After all, I fully agree that we avoid collisions and get along nicely mostly despite colregs, not because of them, as you nicely put it.
Therefore, my wish to understand each and every ins and outs of the rules is somewhat limited.
I'm still interested in the implications though, and in this respect I can't get my head round the potential practical consequences of what you are saying.

Let me make an example, based on a situation like the one in the video but including some other assumptions - regardless of whether they were true in this specific case, but just because they could apply to a realistic scenario:
1) let's assume that the moboer does what Mr.Dashcam does, up to the moment when he overtakes the sailboat right before it's going to tack.
2) let's assume that the sailboat skipper sees the moboer maneuver, understands that by tacking he will head straight towards a collision risk situation, but decides to tack anyway because he's entitled to (or even obliged, if I understood your colregs interpretation? This is irrelevant for my example, anyway).
3) let's also assume that the conditions would have allowed the skipper to luff up, he was well aware of that, and would have been capable to do such maneuver without any problem, but deliberately decided not to.
4) next step, Mr.Dashcam (as opposed to accelerating, as he does in the video) holds his course and speed, and there is a collision.
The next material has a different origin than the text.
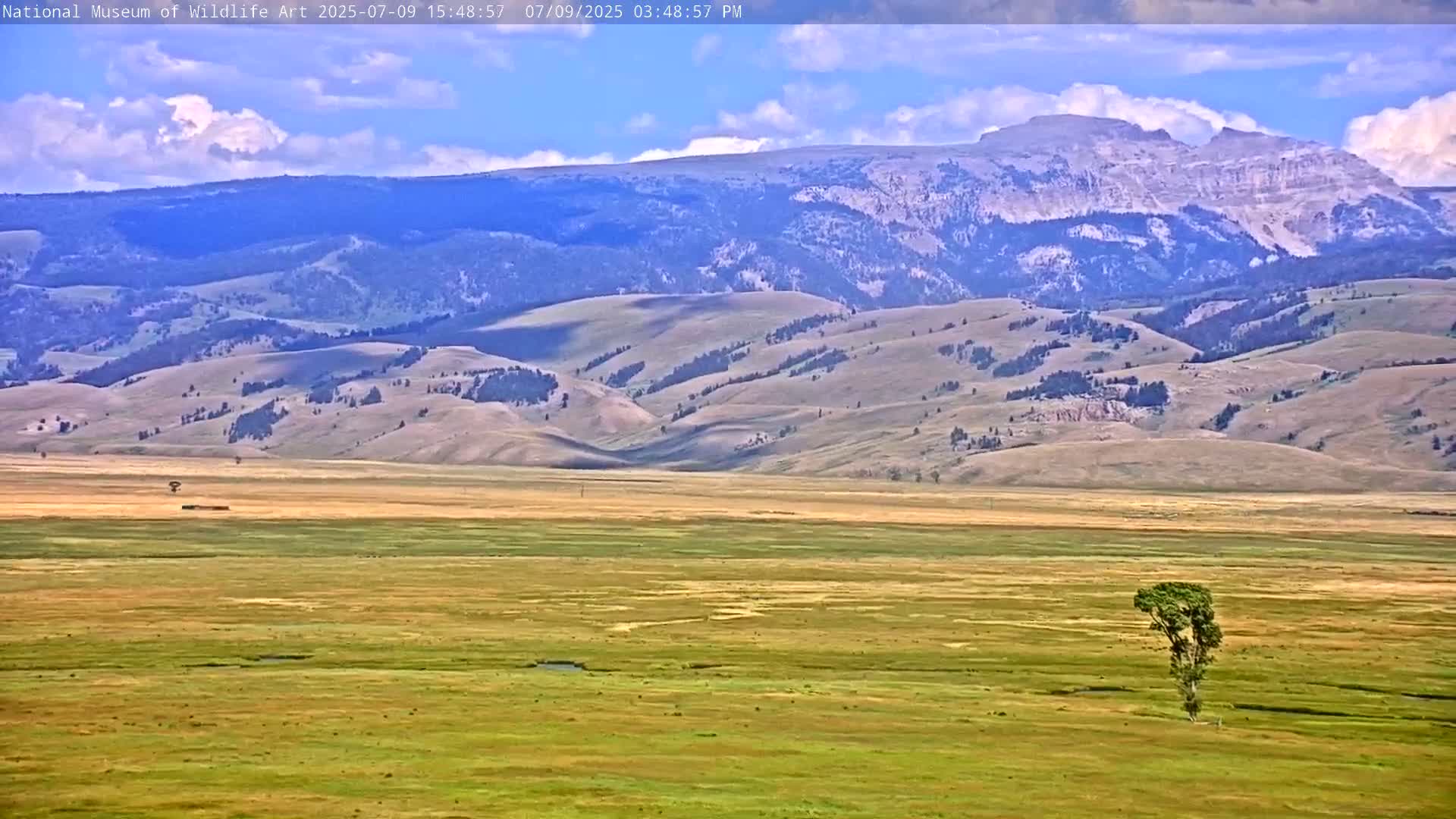 Jackson Hole, Elk Refuge from National Museum of Wildlife Art Live Cam -  Jackson, Teton, Wyoming, USA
Now, if I understood correctly your point, we should expect a court to rule that Mr.Dashcam has 100% responsibility and the skipper none at all, even if he could have (easily, according to my assumption) avoided the collision, and that was understood/acknowledged by the judge?
 
Chichester Meltdown.

Dear Capt. DAKA Esq.
On reflection would you have done anything differently now or during the original event. ?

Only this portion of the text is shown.